During one of these excursions into the toy aisle, I spotted a flash of hot pink amongst the tans and blondes of a pile of naked Barbie dolls, and extracted a Monster High Howleen doll. Howleen is a werewolf girl with bright pink hair, tiny fangs, and puppy-dog ears, and I was delighted to find her. After all, Monster High dolls are a bit rarer to come by at Goodwill, since Barbies are way more common. Plus, being a casual fan of the doll customizing Youtube space, I knew how popular Monster High dolls were as customizing material.

Howleen was in really good condition, save for one thing. She was missing both of her arms.

Now this isn’t really uncommon for Monster High dolls. As far as mass-produced dolls go, Monster High dolls have a lot more articulation in their joints, and have both an elbow and wrist joint in their arms. They also have detailed hands that have different designs based on the doll, but the relative size of their hands to their skinny arms make it impossible for them to wear tight sleeves unless there is some way to remove the hands. And so… Monster High dolls have removable hands and elbow joints to make dressing them easier.

That’s all well and good, except these joints go missing all the time, especially in dolls donated to secondhand places like Goodwill.

And I thought “Oh, that’s a shame. Both arms are missing. Well, maybe someone will pick her up anyway and give her a good home.”

So I left Howleen on the shelf with all of her Barbie doll brethren, and went on my merry way.

The next week I came back and Howleen was still there. The next week, yup, there she is. And then we got to this week, my final shift at Goodwill.

I returned to the toy aisle and found that Howleen had been moved from her spot among the dolls to a separate area of the shelves. Finding her there, I briefly wondered who had moved her. Was it a kid playing with her, or an employee? What happened to Howleen during all those days I was away from the Goodwill? A little saddened at the prospect of never seeing Howleen off to a good home, I sat her up on the shelf and hoped once more someone would come along and take pity on her.

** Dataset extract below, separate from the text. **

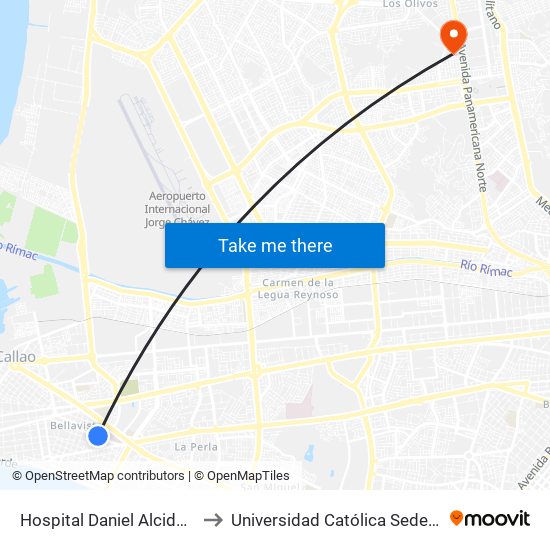 Hospital Daniel Alcides Carrión to Universidad Católica Sede Sapientiae map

And then I stopped. Wait a minute. Aren’t I an adult with income that I, on occasion, spend on things? Couldn’t I buy this Howleen and ensure she would go to a good home?

But then, that was preposterous. What was I going to do with a naked Monster High doll without any arms? I wasn’t planning on fixing her up or anything. I didn’t have the materials, the artistic talent….

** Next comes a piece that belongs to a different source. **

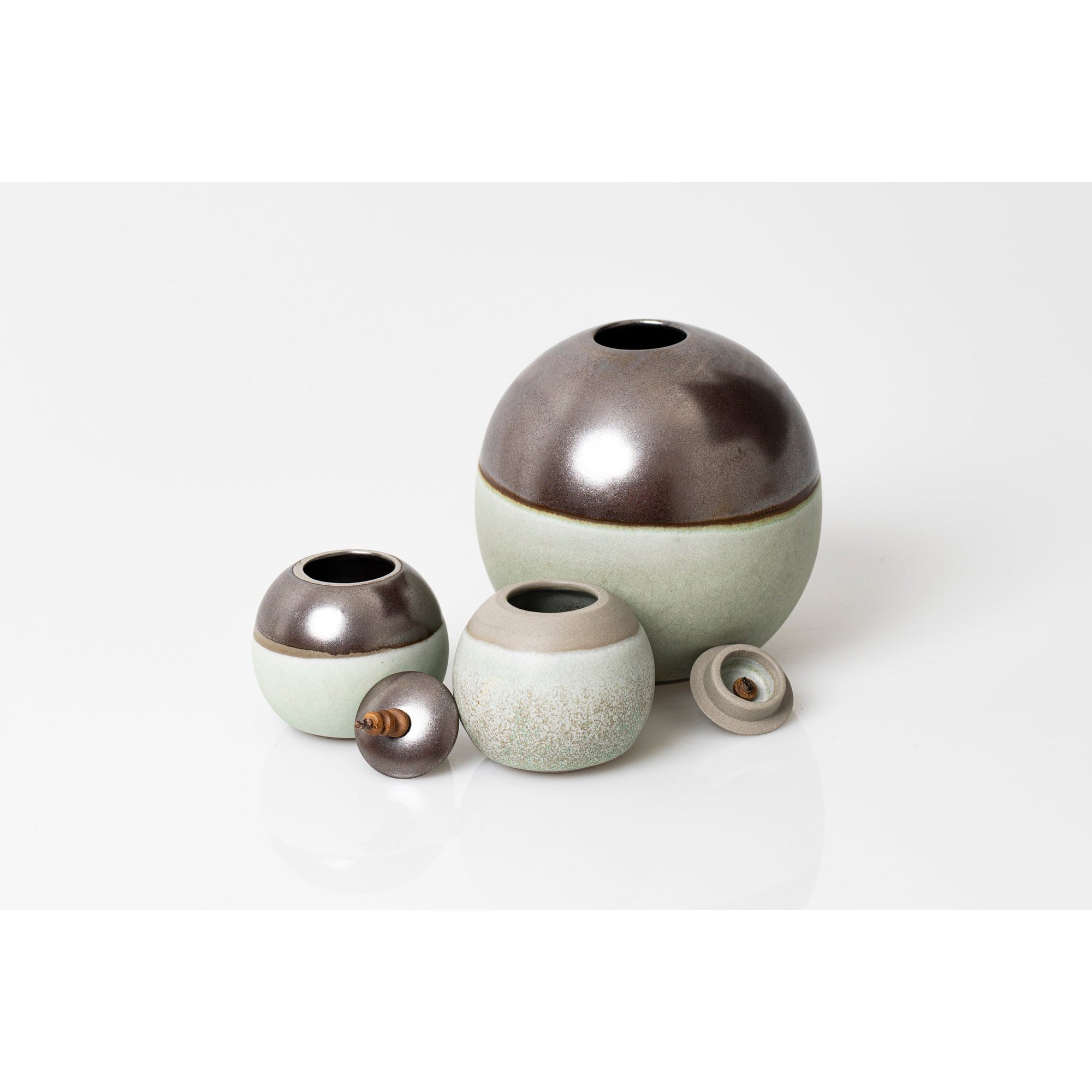 NN3, NN2 and NN1 Small Lunar Stoneware Sphere Pot by Kate Schuricht ceramics available at Padstow Gallery, Cornwall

But then, if I didn’t, who would? Would armless Howleen just be thrown in a salvage box? Would she ever find someone who considered her a friend, like I had come to? And am I seriously considering this hunk of plastic a friend? (Yes.)

So yeah, I bought Howleen. She cost $2 and I hid her in my purse for the rest of my time at the Goodwill, slightly embarrassed at what people would think about an adult woman buying a naked, armless Monster High doll.

But as I stood there in the Goodwill, ideas began rushing to me. What if I made Howleen a cool metal-armed pirate, hardened by the battles that took her limbs but not allowing it to break her adventurous spirit? The prospect of fixing the doll up, giving her a new outfit and story, became a really interesting creative challenge for me to consider.

So yeah guys. This is real. This is happening. I, a non-doll customizer, am going to customize this Howleen doll that stole my heart. And I thought… where better to document this challenge than here on this blog?